>>>>
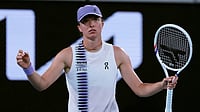 | Photo: AP/Aaron Favila : Iga Swiatek of Poland reacts during her third round match against Anna Kalinskaya of Russia at the Australian Open tennis championship in Melbourne, Australia.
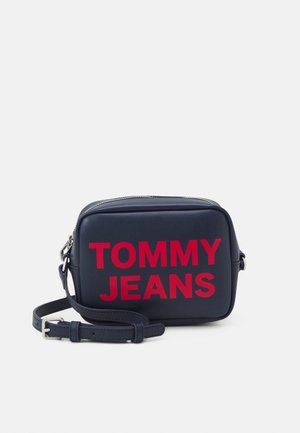 Laivastonsininen suorakaiteen muotoinen olkalaukku, jossa säädettävä hihna ja edessä punainen "TOMMY JEANS" -logo painettuna.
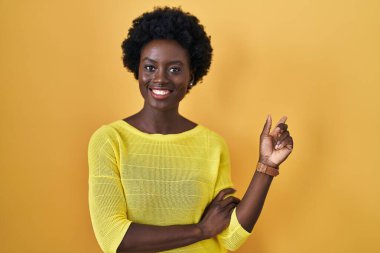 African young woman standing over yellow studio with a big smile on face, pointing with hand finger to the side looking at the camera. 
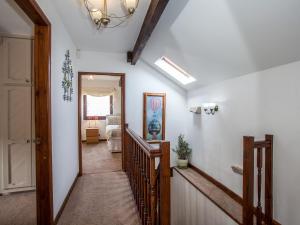 a hallway with a stairway leading to a room at Honeysuckle Cottage - 27880 in Elton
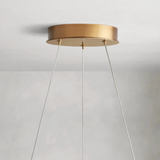 Gold ceiling light fixture with white cables on a plain background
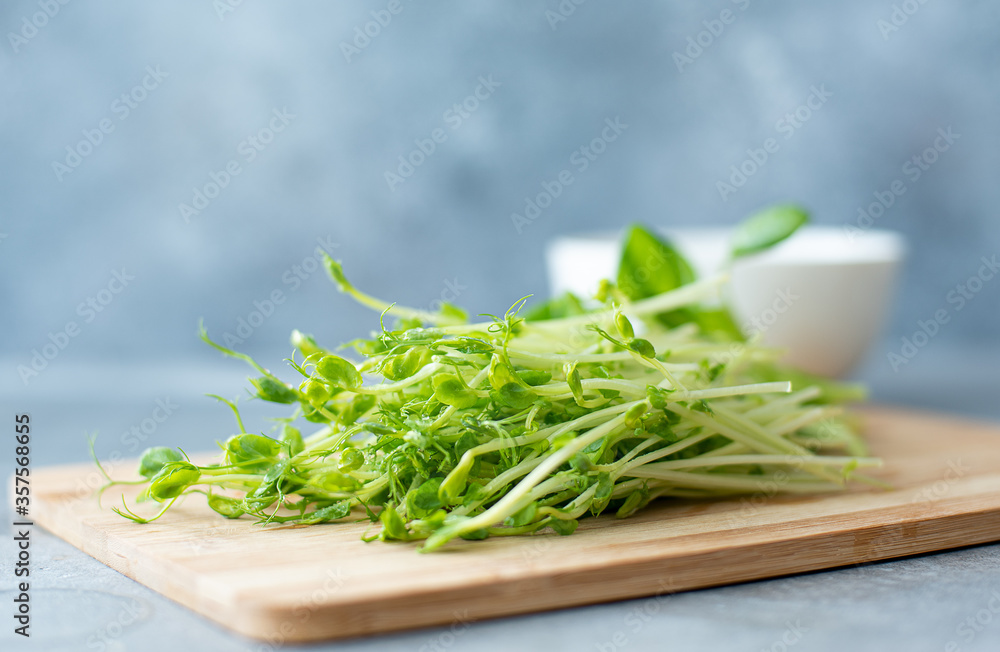 fresh pea microgreens on a wooden board for salad fresh pea microgreens on a wooden board for salad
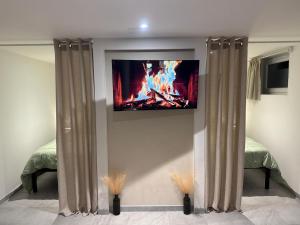 a room with a tv on a wall with curtains at Appartement atypique chaleureux in Rosières-devant-Bar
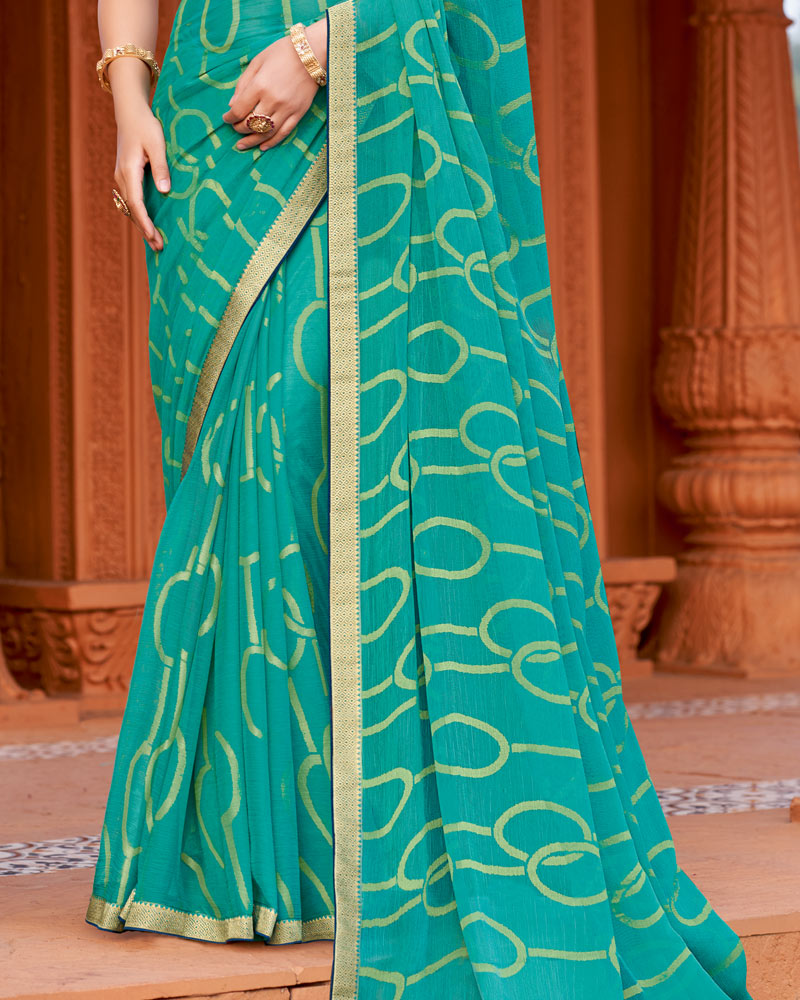 Vishal Prints Teal Blue Printed Chiffon-Brasso Saree With Zari Border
<<<<
Work to be completed: An exact copy is needed of the stretch above that opens with the line containing "Laivastonsininen suorakaiteen muotoinen" and closes with the line containing "fresh pea microgreens on a wooden board for salad fresh"; the pictures are not part of it.

Exercise response:
 Laivastonsininen suorakaiteen muotoinen olkalaukku, jossa säädettävä hihna ja edessä punainen "TOMMY JEANS" -logo painettuna.
 African young woman standing over yellow studio with a big smile on face, pointing with hand finger to the side looking at the camera. 
 a hallway with a stairway leading to a room at Honeysuckle Cottage - 27880 in Elton
 Gold ceiling light fixture with white cables on a plain background
 fresh pea microgreens on a wooden board for salad fresh pea microgreens on a wooden board for salad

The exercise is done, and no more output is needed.